Assumant d’entrée de jeu que ce n’est pas là une présentation ­exhaustive de la création audiovisuelle actuelle, le projet Post-Audio_DVD permet néanmoins de prendre la mesure de quelques ­propositions. Les œuvres, réalisées entre 2001 et 2006, ont été ­rassemblées par l’artiste et commissaire Gennaro De Pasquale. Alliant son et image, elles s’inscrivent dans des démarches ­foncièrement différentes mais qui explorent à leur manière une certaine symbiose entre l’expérimentation visuelle et musicale. Comme le mentionne Bernard Schütze dans le livret qui accompagne ce coffret de deux DVD : « Ces réalisations se distinguent d’emblée du Vjing ou du vidéo-clip, où l’aspect visuel est souvent relégué à l’illustration du contenu musical. »

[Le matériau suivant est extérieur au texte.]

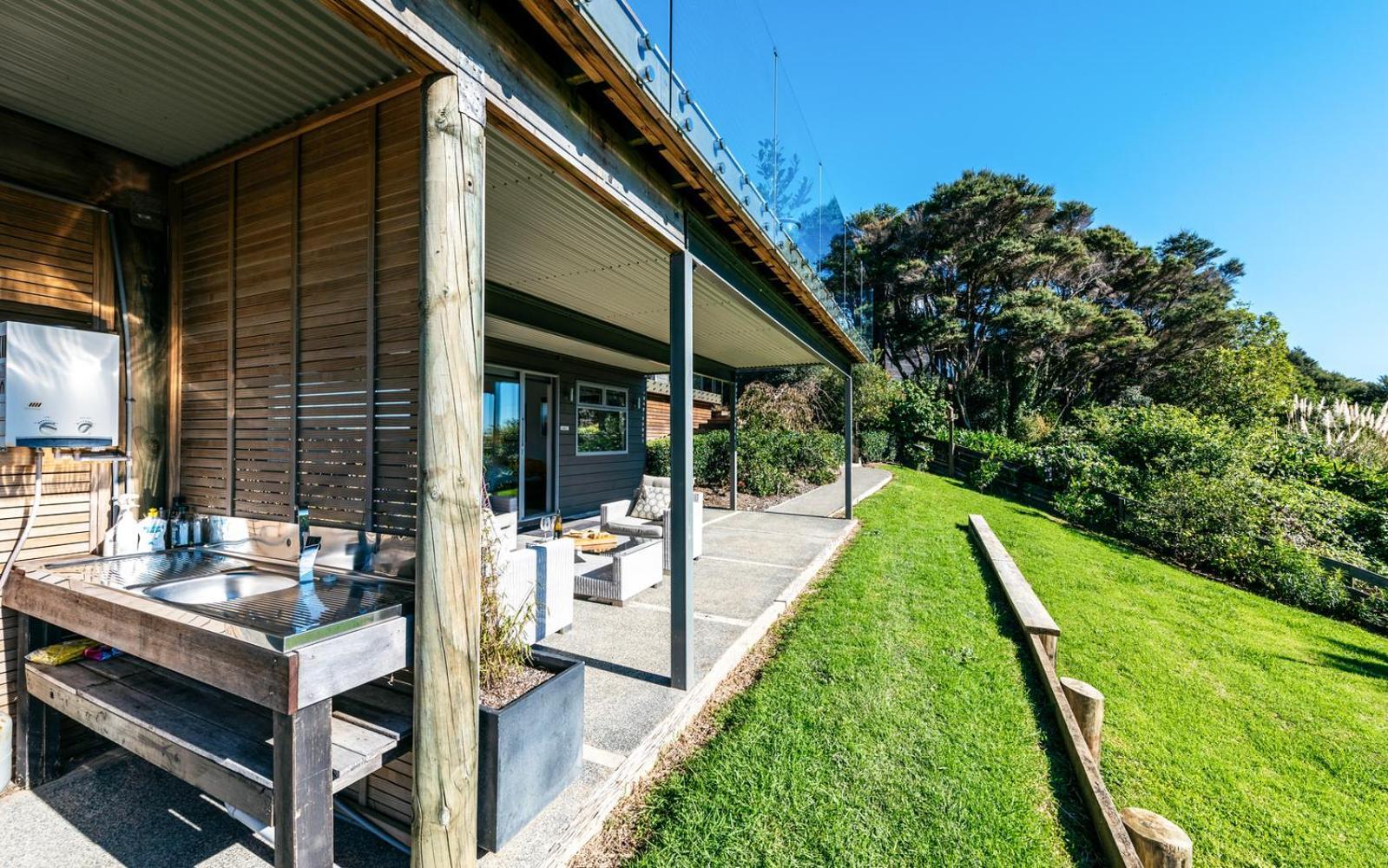 Wild Thyme Hotel Oneroa Bagian luar foto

Le travail visuel de Gabriel Coutu-Dumont dans le projet 5mm illustre bien cette volonté de proposer une œuvre qui dépasse le ­placage habituel des images que l’on retrouve souvent dans les ­soirées de musique électronique. En s’inspirant de l’album Musique pour 3 femmes enceintes de Marc Leclair (mieux connu sous le nom d’Akufen), cette œuvre, d’abord conçue pour une performance live, évoque des éléments organiques (globule, noyau, vaisseaux sanguins, etc.). La récurrence des motifs permet de composer une trame ­visuelle qui s’arrime à la trame musicale, créant une fusion entre les deux. L’approche est ici plus globalisante et permet de créer une œuvre qui se déploie dans la durée. Il est moins question ici de fragmenter chaque piste sonore et visuelle, mais de les laisser se dérouler dans le temps. Par contre, c’est justement cette durée qui confine 5mm dans un format plus approprié à la performance live et qui passe peut-être moins bien dans le format DVD. 

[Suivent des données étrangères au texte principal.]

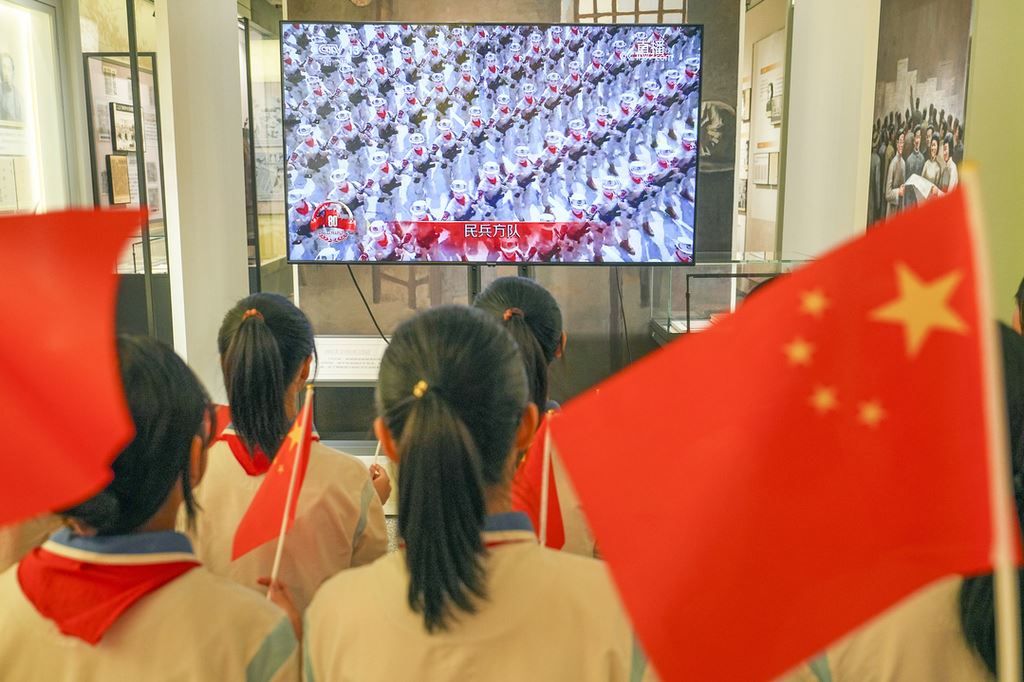 北碚区东阳街道在复旦大学旧址组织收听收看抗战胜利80周年纪念大会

C’est un constat que l’on peut faire si l’on joue le jeu de la ­comparaison entre 5mm et le projet qui réunit Pascal Grandmaison et Herri Kopter, personnage créé par Jérôme Minière. Dans ce cas-ci, il existe une certaine indépendance entre les vidéos de Grandmaison et l’univers créé par Minière. D’une part, l’alter ego du musicien lui a permis de concevoir une œuvre musicale différente de sa pratique habituelle, permettant d’explorer de nouvelles sonorités et même d’introduire une certaine étrangeté dans les  mélodies. D’autre part, bien que l’on puisse voir une certaine filiation entre la musique et le visuel, la démarche artistique de Grandmaison demeure prégnante par le minimalisme qui se dégage de ses vidéos et par une certaine forme de poésie issue de la sensibilité que possède l’artiste à capter ses sujets. L’artiste parle de son époque en misant beaucoup sur la solitude et la mélancolie qui se dégagent de ceux-ci, illustrant d’une certaine manière l’univers que Minière a voulu installer avec son ­propre personnage. 

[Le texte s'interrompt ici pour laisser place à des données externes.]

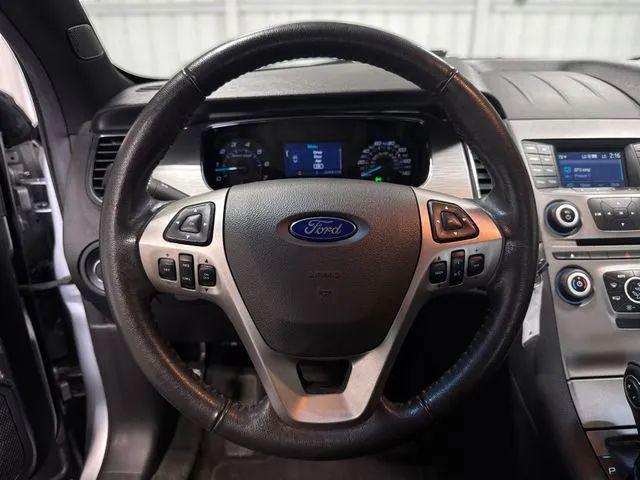 2016 Ford Taurus SEL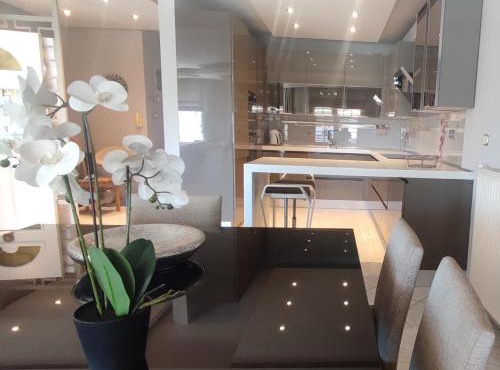 Avenue Luxury Home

Dans la série Currently active camera (2004), Gennaro De Pasquale compose plusieurs vidéos à partir d’images retransmises par des ­webcams. À partir de cette matière visuelle dont la qualité laisse à désirer, l’artiste crée une mosaïque de situations qui souligne une forme de solitude dans cette volonté des individus de se montrer à la face du monde. La musique de Jean-Sébastien Roux (alias JSR) vient souligner certaines émotions véhiculées dans les tableaux vivants mais sert davantage à illustrer le contenu des images. Le travail de Daniel Olson vient apporter une autre dimension à ce DVD. Les vidéos de cet artiste multidisciplinaire montrent un intérêt particulier pour les sons captés à la source. Dans High art, une caméra portée à bout de bras filme la Joconde. Le sujet de l’œuvre n’est pas tant cette icône de l’histoire de l’art mais la rumeur qu’elle cause autour d’elle. Le ­brouhaha où s’entremêle des voix et une série de cliquetis d’appareils photos est tellement intense qu’il devient le sujet de cette œuvre vidéo. Ces œuvres brèves, courtes bandes vidéos, donnent à voir et entendre ce qui nous entoure.

Post-audio_DVD permet de saisir, malgré le nombre restreint des œuvres présentées, quelques approches collaboratives entre ­musiciens et artistes visuels. Mais surtout de sortir, l’espace d’un moment, de l’éphémère où sont souvent confinées ces pratiques artistiques.